## Problem details:
In the lines below, find the one that contains "2410 Sha Ln, Breckenridge, TX" and write it out exactly, along with every line that follows it.

################

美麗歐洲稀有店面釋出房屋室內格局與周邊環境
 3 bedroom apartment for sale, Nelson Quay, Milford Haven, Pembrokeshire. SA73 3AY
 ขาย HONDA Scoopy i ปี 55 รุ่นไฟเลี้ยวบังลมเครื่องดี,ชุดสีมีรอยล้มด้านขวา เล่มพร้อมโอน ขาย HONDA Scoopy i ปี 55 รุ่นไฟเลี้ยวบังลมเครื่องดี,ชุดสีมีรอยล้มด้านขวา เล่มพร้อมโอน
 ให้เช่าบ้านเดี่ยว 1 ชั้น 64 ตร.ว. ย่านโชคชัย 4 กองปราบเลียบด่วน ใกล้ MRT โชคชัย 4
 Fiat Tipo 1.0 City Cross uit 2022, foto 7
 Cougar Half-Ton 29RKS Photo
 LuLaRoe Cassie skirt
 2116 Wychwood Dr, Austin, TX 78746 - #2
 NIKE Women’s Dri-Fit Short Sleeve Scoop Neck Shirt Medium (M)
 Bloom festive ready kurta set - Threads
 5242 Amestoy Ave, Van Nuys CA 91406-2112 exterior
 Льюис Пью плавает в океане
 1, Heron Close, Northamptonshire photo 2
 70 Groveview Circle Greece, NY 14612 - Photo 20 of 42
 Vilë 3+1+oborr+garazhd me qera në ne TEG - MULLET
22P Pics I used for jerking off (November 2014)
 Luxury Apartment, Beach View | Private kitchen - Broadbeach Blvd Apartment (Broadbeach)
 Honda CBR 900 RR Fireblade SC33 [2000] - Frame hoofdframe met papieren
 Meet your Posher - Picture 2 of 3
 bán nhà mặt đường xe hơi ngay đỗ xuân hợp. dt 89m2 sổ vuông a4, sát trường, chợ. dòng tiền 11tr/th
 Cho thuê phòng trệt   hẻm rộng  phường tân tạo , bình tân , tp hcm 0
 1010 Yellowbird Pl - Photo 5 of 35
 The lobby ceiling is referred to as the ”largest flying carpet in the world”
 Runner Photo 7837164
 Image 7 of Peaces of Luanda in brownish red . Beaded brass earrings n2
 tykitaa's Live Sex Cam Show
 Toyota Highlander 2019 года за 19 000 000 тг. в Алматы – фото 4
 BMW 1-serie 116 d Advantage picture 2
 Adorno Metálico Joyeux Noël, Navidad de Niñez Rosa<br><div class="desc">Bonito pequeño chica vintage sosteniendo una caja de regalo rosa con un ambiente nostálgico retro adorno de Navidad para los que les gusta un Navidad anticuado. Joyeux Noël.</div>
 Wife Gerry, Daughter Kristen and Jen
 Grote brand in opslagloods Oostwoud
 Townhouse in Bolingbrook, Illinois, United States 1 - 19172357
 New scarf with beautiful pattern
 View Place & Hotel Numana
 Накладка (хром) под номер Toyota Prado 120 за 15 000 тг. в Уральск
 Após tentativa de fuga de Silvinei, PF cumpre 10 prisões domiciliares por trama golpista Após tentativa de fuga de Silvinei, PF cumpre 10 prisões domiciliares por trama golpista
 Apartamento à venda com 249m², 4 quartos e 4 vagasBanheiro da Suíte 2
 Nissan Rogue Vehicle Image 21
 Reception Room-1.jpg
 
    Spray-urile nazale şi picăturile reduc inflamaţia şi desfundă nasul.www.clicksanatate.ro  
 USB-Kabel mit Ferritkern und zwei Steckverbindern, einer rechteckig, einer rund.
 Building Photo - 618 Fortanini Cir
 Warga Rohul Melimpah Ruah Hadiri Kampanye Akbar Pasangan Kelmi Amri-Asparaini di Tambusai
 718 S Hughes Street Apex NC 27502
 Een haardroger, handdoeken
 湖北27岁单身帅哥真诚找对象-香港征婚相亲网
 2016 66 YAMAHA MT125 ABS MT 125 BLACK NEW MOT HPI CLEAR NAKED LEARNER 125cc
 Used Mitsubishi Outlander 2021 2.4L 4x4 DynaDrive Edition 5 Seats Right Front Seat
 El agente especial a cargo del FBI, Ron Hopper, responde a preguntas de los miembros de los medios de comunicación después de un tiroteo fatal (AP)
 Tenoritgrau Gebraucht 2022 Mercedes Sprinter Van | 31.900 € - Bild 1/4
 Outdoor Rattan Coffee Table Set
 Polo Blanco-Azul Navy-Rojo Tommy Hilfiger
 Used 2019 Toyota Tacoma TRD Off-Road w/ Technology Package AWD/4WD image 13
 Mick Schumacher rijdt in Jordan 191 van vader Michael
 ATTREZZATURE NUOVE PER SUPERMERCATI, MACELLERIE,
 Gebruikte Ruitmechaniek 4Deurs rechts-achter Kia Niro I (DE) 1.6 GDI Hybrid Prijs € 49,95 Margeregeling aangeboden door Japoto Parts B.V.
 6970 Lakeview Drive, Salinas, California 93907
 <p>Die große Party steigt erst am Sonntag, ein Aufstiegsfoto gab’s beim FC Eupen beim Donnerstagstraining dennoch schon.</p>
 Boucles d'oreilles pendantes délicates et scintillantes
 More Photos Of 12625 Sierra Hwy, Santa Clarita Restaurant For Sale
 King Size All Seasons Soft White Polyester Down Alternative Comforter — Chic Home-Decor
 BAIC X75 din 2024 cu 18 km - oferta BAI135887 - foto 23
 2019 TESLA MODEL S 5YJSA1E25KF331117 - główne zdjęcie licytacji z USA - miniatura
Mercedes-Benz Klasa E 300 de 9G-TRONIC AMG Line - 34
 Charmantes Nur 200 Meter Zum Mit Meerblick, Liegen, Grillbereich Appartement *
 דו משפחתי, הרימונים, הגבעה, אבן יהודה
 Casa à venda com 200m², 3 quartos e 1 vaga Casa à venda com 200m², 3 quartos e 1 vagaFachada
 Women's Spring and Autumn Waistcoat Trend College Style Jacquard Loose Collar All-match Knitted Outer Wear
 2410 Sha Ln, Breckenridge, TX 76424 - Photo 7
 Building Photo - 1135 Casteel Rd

################

## Problem solution:
 2410 Sha Ln, Breckenridge, TX 76424 - Photo 7
 Building Photo - 1135 Casteel Rd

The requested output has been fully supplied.